How close is too close to endangered turtles?

Wednesday May 15, 2019 Written by Published in Local
Photojournalist Richard Moore encountered this green sea turtle in Avaavaroa Passage. 18100505 Photojournalist Richard Moore encountered this green sea turtle in Avaavaroa Passage. 18100505

Concerns are being raised about how close eager tourists get to endangered sea turtles in the congested Avaavaroa passage.

 

MP Selina Napa has escalated her calls for rules around the use of reef passages – not just to reduce the risk of death and injury to visitors, but also to protect the sea life.

“We know that babies as young as a year old are being taken out on Avaavaroa passage tours,” she says. “We know that turtles are being chased by people using sea scooters, we believe tours are getting way too close to turtles several times a day every day.”

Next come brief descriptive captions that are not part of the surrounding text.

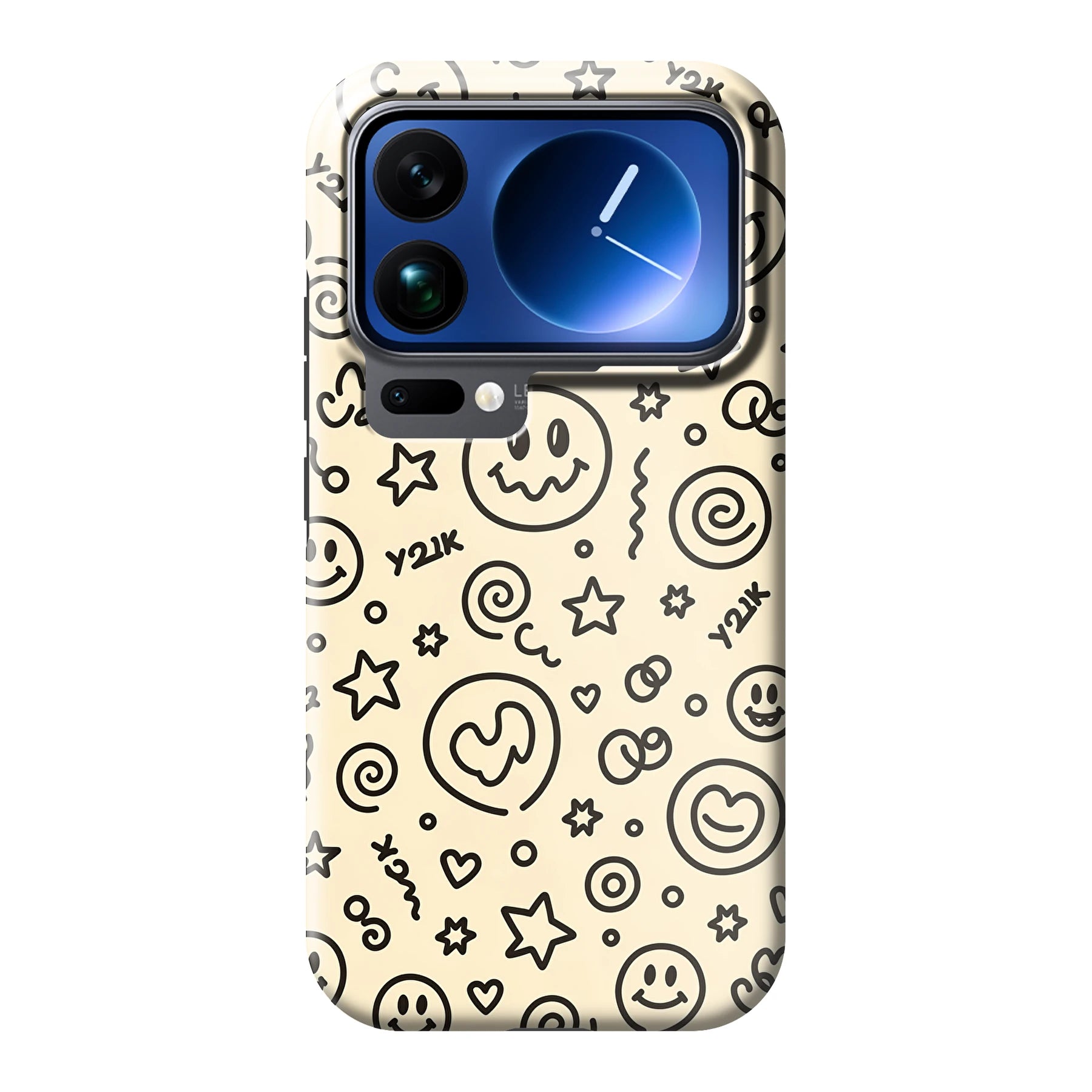 Xiaomi 17 Pro phone case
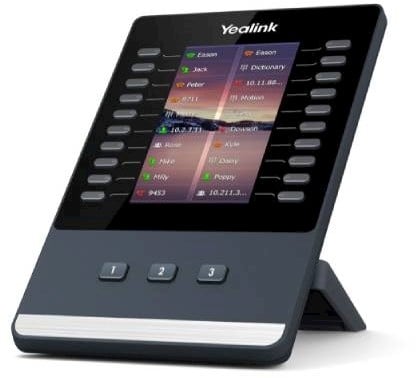 Yealink EXP43 expansiemodule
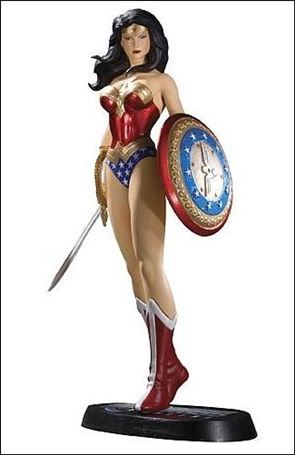 DC Universe Online item 6 Wonder Woman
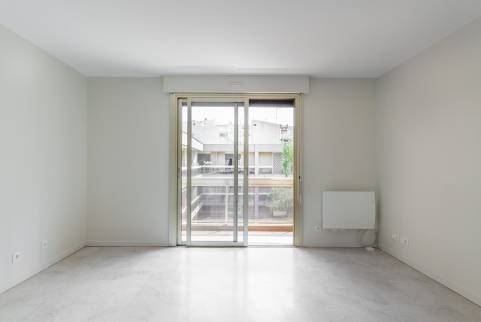 Rénovation Appartement Lyon 6 - Après Travaux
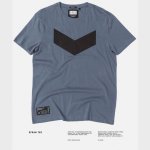 S.p.c.c Efran S S Tee Light Blue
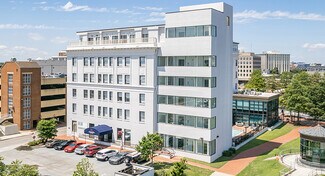Plus de détails pour 1 High St, Portsmouth, VA - Bureau à louer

As tensions heighten between competing tour operators, one local shot drone footage of a turtle surrounded by swimmers at the weekend. "The turtle was chased by swimmers using sea scooters,” he says.

“They then encircled it and got so close they could have reached out and touched it. I thought this was wrong.”

Already, Water Safety boss Brent Fisher and Pacific Divers’ Stephen Lyons have called for more education around swimming and diving in Avaavaroa and other “deceptive” passages.

Napa says: “We who live in the area know there is a small window of about an hour that the strong currents in the passage subside a bit, but now tour operators have been seen taking a lot of people out when the tide is still high, probably to fit in as many tours and people as possible in one day. That’s just incredibly irresponsible.”

Many in her community worry about the constant disturbance of marine life, she says. “At the rate Ava avaroa is being inundated everyday with people and these scooters, it just can’t be sustainable for the marine environment and many of us know there have been close calls with tourists getting into difficulty.”

A community meeting is scheduled to be held in Titikaveka at the CICC Sunday School on Wednesday 15 May at 6.30pm to discuss solutions. A partial traditional three-day ra’ui (ban) on the use of passages by commercial operators is being suggested as a way of reducing human traffic and allowing marine life to remain undisturbed.